The U.S. Department of Agriculture (USDA) has released a new report, “Brazil’s Agricultural Land Use and Trade: Effects of Changes in Oil Prices and Ethanol Demand“. The study looked at the issue of land-use changes in Brazil as westward expansion of agriculture, especially in the Cerrados Savannah region, continues in an effort to grow more food and produce more fuels such as ethanol, and meet expanding needs of sugarcane.
Authors Constanza Valdes, Kim Hjort and Ralph Seeley also looked at the link between the demand for ethanol and petroleum and how oil prices can affect production and land-use decisions for ethanol feedstocks, and other ag commodities. Ultimately, this study examined how longrun changes in oil prices could affect Brazilian ethanol production and resulting cropping patterns. It also considered the implications for world agricultural markets.
The study examined the effects of two oil-price scenarios—sustained high prices and sustained low prices from 2015 to 2024—on Brazilian agricultural land use. A reference scenario is based on the assumptions in USDA’s Agricultural Projections to 2024.

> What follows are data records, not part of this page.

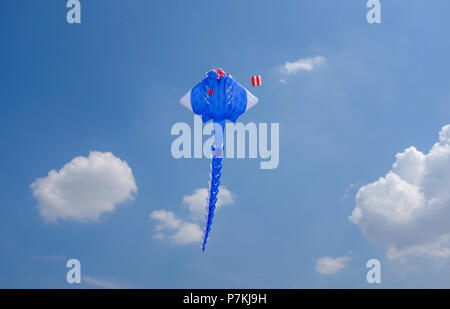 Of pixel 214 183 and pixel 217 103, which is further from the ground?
pixel 217 103

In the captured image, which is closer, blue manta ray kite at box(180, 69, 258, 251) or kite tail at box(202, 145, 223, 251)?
blue manta ray kite at box(180, 69, 258, 251)

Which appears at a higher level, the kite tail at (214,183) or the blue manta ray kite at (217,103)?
the blue manta ray kite at (217,103)

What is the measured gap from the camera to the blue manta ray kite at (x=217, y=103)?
42.2m

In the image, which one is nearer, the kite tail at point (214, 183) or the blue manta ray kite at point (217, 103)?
the blue manta ray kite at point (217, 103)

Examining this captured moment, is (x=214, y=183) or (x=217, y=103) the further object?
(x=214, y=183)

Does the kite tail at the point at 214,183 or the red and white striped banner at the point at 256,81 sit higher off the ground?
the red and white striped banner at the point at 256,81

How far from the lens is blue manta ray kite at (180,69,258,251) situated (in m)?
42.2

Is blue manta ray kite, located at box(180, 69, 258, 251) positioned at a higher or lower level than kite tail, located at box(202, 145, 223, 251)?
higher

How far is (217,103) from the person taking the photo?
43281 mm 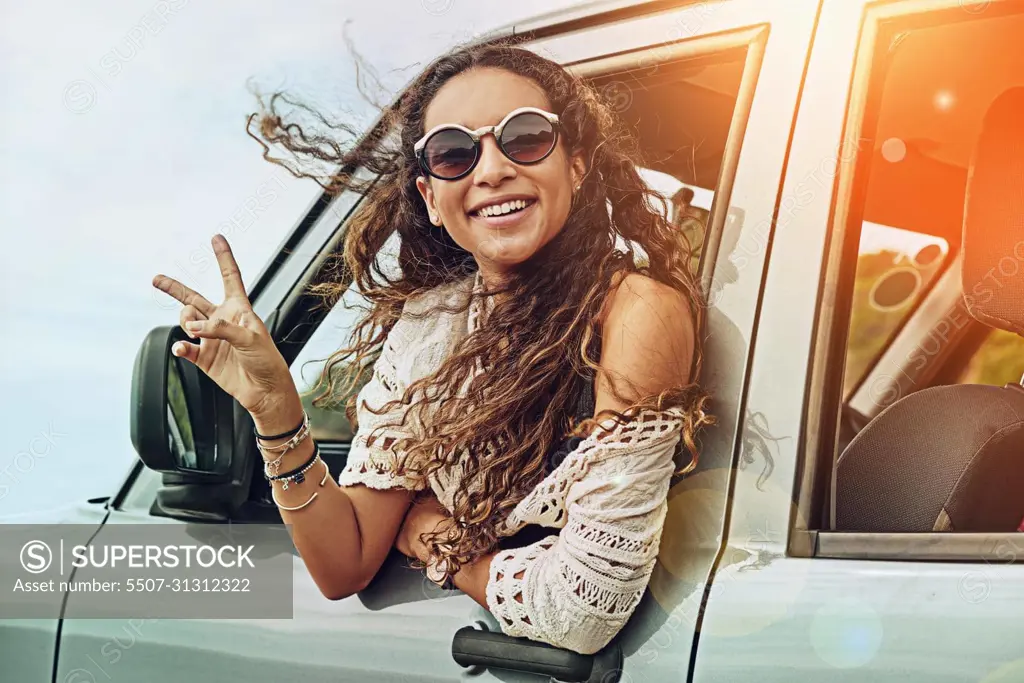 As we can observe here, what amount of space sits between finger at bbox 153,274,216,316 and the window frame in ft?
2.82

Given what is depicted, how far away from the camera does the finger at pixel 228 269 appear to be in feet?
4.87

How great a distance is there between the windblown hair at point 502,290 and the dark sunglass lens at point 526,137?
52 millimetres

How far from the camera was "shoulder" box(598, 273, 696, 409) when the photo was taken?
1.28 metres

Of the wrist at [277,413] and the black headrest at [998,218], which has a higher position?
the black headrest at [998,218]

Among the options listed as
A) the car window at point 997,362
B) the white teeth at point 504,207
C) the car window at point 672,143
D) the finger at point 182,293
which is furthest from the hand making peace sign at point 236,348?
the car window at point 997,362

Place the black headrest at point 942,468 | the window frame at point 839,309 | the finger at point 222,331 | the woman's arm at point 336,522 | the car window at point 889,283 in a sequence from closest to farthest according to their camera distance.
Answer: the window frame at point 839,309 < the black headrest at point 942,468 < the finger at point 222,331 < the woman's arm at point 336,522 < the car window at point 889,283

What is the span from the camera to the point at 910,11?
124 cm

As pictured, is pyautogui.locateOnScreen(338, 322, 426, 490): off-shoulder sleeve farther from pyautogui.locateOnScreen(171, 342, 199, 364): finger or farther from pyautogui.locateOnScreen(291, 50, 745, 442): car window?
pyautogui.locateOnScreen(171, 342, 199, 364): finger

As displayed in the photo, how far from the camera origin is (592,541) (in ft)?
4.11

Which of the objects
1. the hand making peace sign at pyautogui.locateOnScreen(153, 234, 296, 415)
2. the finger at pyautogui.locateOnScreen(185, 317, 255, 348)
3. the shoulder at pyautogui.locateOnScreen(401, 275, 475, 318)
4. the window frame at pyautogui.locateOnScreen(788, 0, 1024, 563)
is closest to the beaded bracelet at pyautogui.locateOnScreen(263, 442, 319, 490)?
the hand making peace sign at pyautogui.locateOnScreen(153, 234, 296, 415)

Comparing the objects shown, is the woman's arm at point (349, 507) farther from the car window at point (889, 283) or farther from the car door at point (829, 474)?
the car window at point (889, 283)

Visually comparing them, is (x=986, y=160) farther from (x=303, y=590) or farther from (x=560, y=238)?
(x=303, y=590)

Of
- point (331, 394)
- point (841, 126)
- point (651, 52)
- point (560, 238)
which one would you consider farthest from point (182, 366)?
point (841, 126)

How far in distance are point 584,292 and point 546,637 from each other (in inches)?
19.6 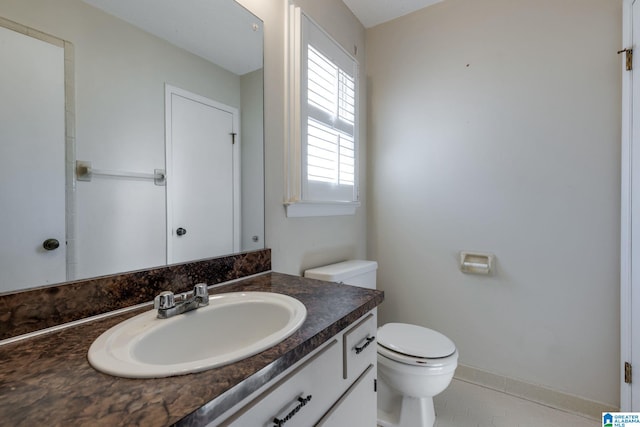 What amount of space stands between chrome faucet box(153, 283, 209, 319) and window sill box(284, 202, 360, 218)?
2.24 feet

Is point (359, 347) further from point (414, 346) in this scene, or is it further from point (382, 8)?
point (382, 8)

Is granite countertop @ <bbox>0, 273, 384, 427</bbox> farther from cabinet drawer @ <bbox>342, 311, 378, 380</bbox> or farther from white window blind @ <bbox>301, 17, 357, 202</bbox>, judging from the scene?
white window blind @ <bbox>301, 17, 357, 202</bbox>

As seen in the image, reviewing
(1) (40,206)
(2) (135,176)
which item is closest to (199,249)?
(2) (135,176)

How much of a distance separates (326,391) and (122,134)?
0.94 meters

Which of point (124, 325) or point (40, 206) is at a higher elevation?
point (40, 206)

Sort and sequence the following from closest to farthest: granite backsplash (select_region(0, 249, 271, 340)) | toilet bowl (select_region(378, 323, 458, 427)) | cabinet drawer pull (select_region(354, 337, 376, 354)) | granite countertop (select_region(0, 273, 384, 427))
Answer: granite countertop (select_region(0, 273, 384, 427)), granite backsplash (select_region(0, 249, 271, 340)), cabinet drawer pull (select_region(354, 337, 376, 354)), toilet bowl (select_region(378, 323, 458, 427))

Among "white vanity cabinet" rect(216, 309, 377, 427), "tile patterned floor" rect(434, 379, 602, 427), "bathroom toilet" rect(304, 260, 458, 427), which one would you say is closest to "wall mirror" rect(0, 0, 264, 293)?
"white vanity cabinet" rect(216, 309, 377, 427)

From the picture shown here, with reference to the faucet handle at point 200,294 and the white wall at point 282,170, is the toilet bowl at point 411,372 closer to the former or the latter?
the white wall at point 282,170

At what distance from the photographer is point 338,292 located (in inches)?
39.8

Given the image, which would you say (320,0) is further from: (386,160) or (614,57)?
(614,57)

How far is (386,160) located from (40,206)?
1880 mm

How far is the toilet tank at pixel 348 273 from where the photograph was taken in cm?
153

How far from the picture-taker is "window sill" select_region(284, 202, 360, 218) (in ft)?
4.85

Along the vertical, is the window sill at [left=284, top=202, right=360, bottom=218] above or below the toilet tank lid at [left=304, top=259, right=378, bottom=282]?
above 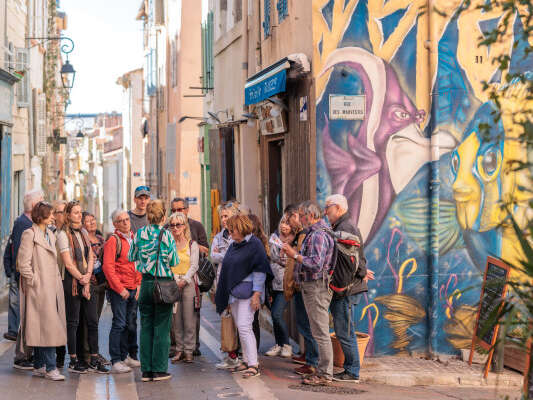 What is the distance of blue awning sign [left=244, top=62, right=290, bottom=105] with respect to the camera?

In the high-priced scenario: In this scenario, the oil price rises 40 percent above the reference, or baseline, price in 2015, followed by another 7-percent increase in 2016 and small changes relative to the baseline price thereafter through 2024 (for a sustained average increase of 45 percent above the base price). With increasing oil prices, the demand for ethanol increases relative to that for gasoline, raising the price of ethanol and creating incentives to increase production.
In the low-priced scenario: In this scenario, the oil price decreases 18 percent below the reference price in 2015, followed by 6-percent declines over the next 2 years and a 1-percent annual decline thereafter through 2024. A sustained fall in oil prices would be expected to trigger a drop in demand for ethanol as well as a drop in prices for agricultural inputs (energy, fertilizer, etc.). In this scenario, ethanol use in Brazil falls by an average of 16 percent annually in 2015-24.